Exercise description: Only the stretch below from the line holding "Outsunny Folding Chaise" through the line holding "Mặt Nạ Ngủ Trà" should be restated, word for word and with both ends included; pictures stay out.

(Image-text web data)
:::

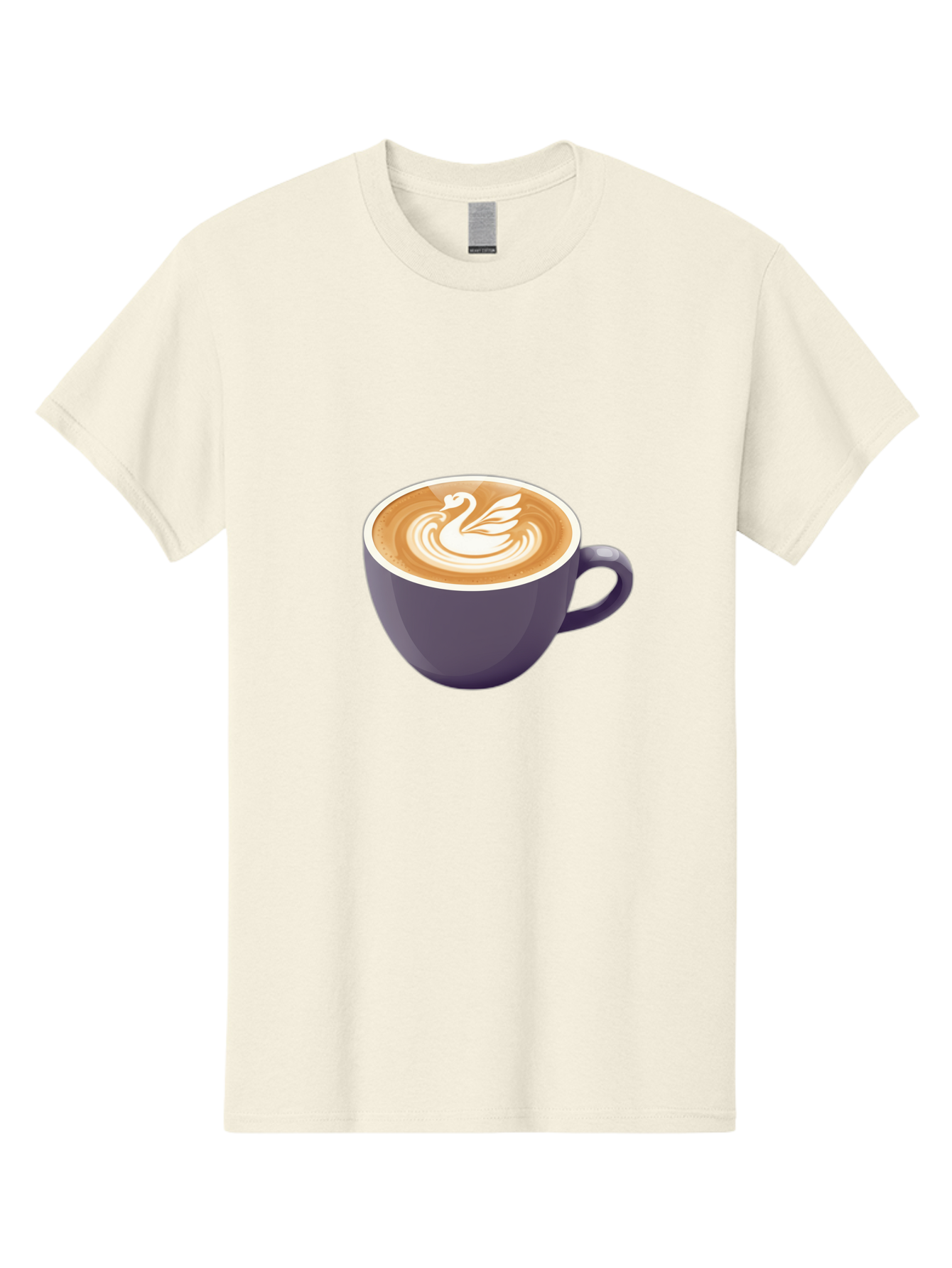 Coffee-Cup-With-Swan Men'S Graphic Tee, 100% Cotton, Comfortable Casual Summer Wear, Machine Washable, Coffee Cup, Cappuccino, Latte Art, Swan Design, Purple Cup, White Foam, Coffee Drink, Cafe Culture, Morning Coffee, Coffee Lover Baa365 13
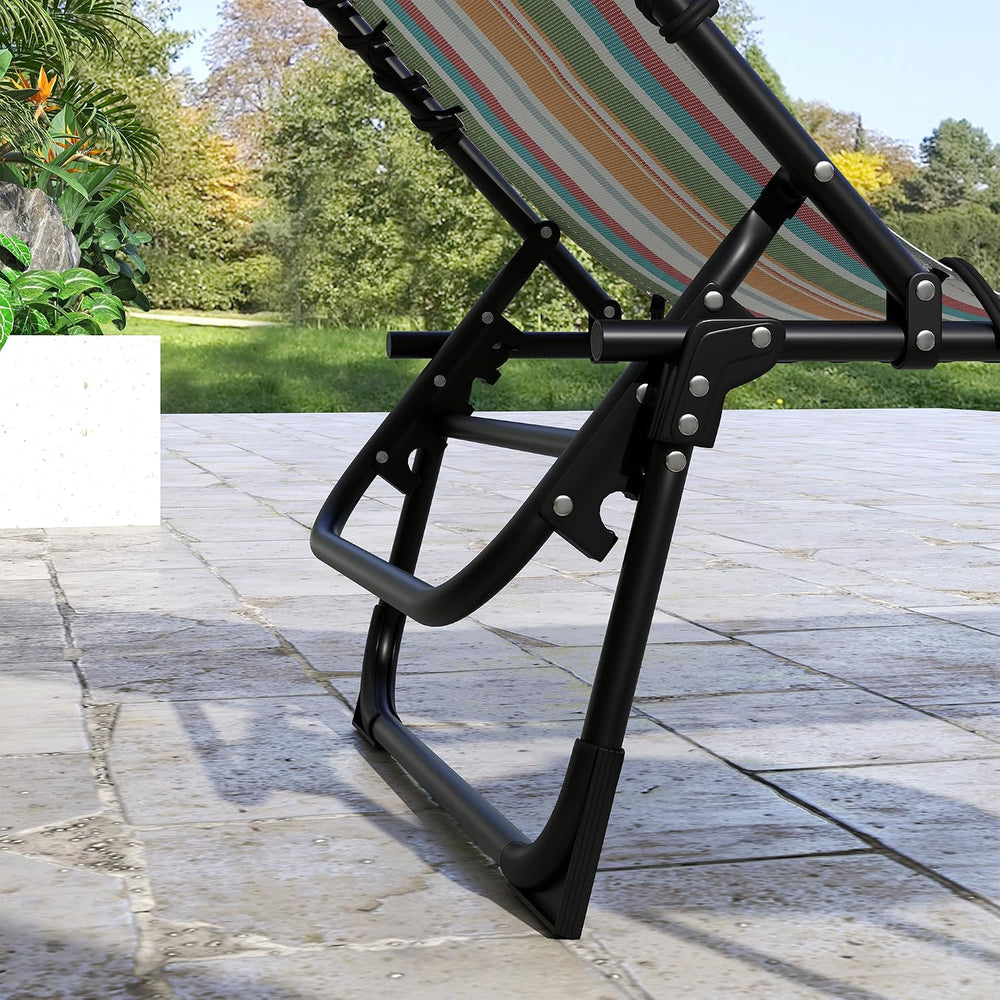 Outsunny Folding Chaise Lounge Chair Set of 2, Patio Sun Tanning Chair, Outdo...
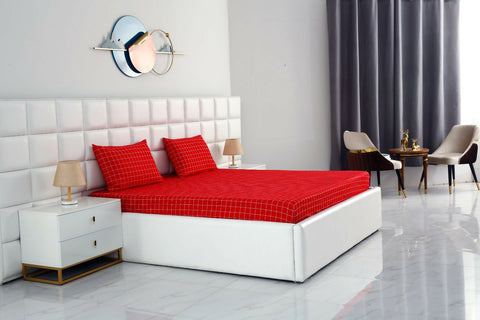 Fitted-Bed-Sheet-Red-Check-Apricot-3949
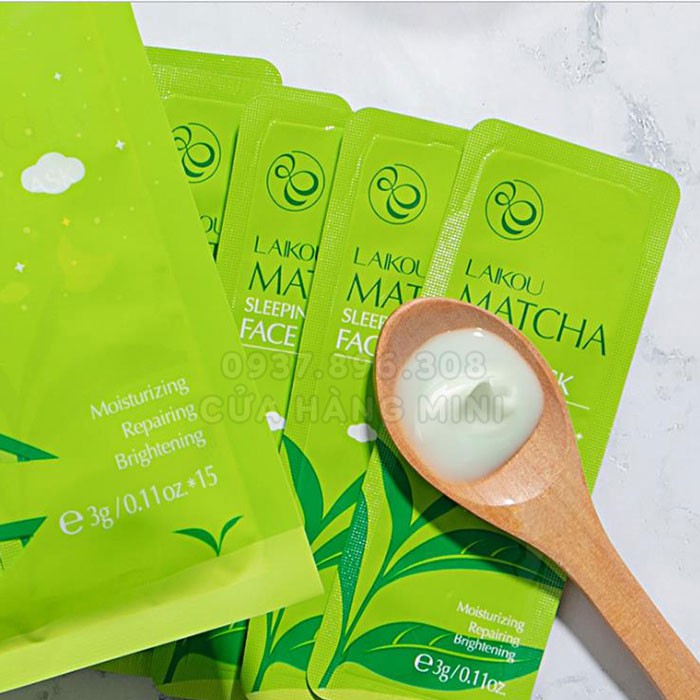 Mặt Nạ Ngủ Trà Xanh Laikou Matcha Sleeping Face Mask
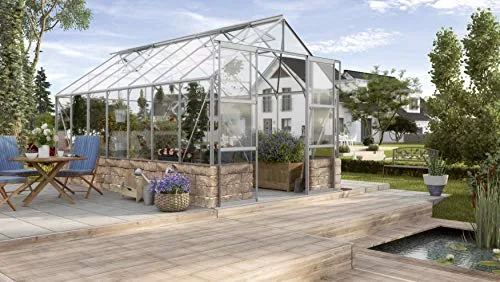 Gartenwelt Riegelsberger Gewächshaus Cassandra - Ausführung: 11500 ESG 3 mm Alu, Fläche: ca. 11,5 m², mit 4 Dachfenster, Sockel: 2,56 x 4,50 x 0,50 m – Bild 2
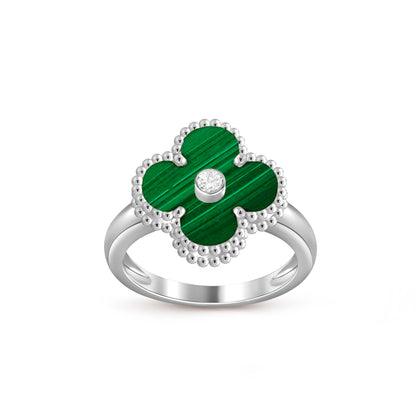 Lucky Clover Diamant-Akzent Weißgoldring-Kollektion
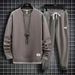 Men's Clothing Waffle Round Neck Sweater Suit Autumn And Winter New Style Pure Color Leisure Loose Long Sleeve Top_viptrois.com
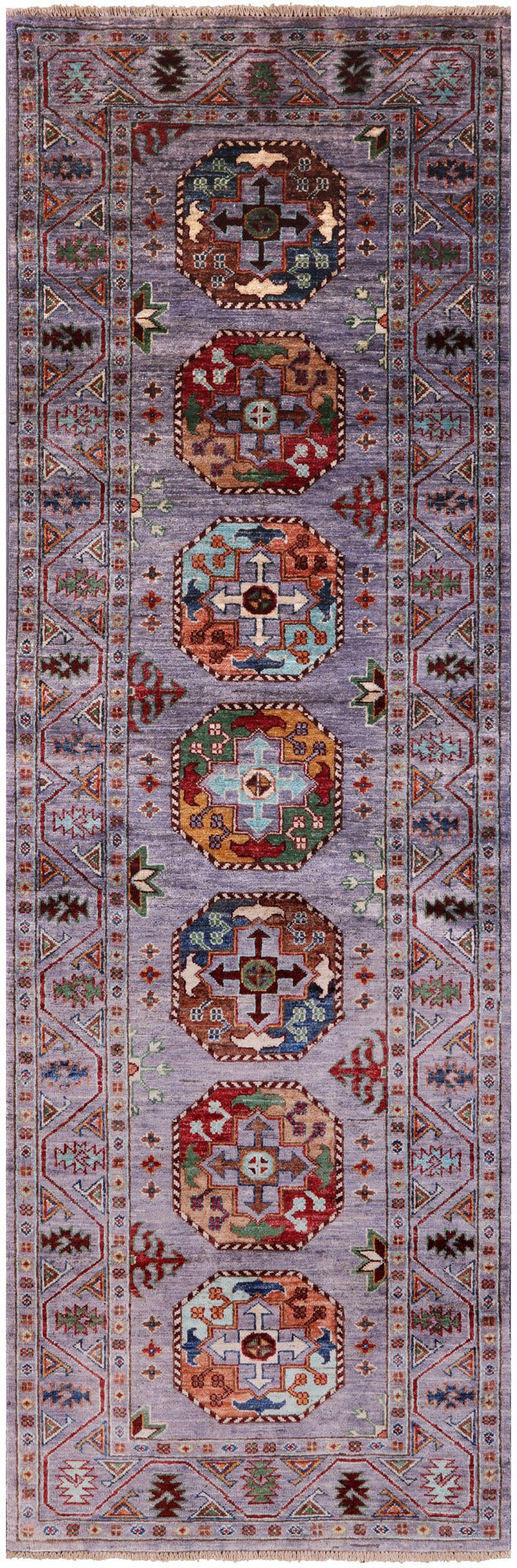 Grey Turkmen Ersari Hand Knotted Wool Runner Rug - 2' 9" X 8' 4" - Golden Nile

:::

Answer for this exercise:
 Outsunny Folding Chaise Lounge Chair Set of 2, Patio Sun Tanning Chair, Outdo...
 Fitted-Bed-Sheet-Red-Check-Apricot-3949
 Mặt Nạ Ngủ Trà Xanh Laikou Matcha Sleeping Face Mask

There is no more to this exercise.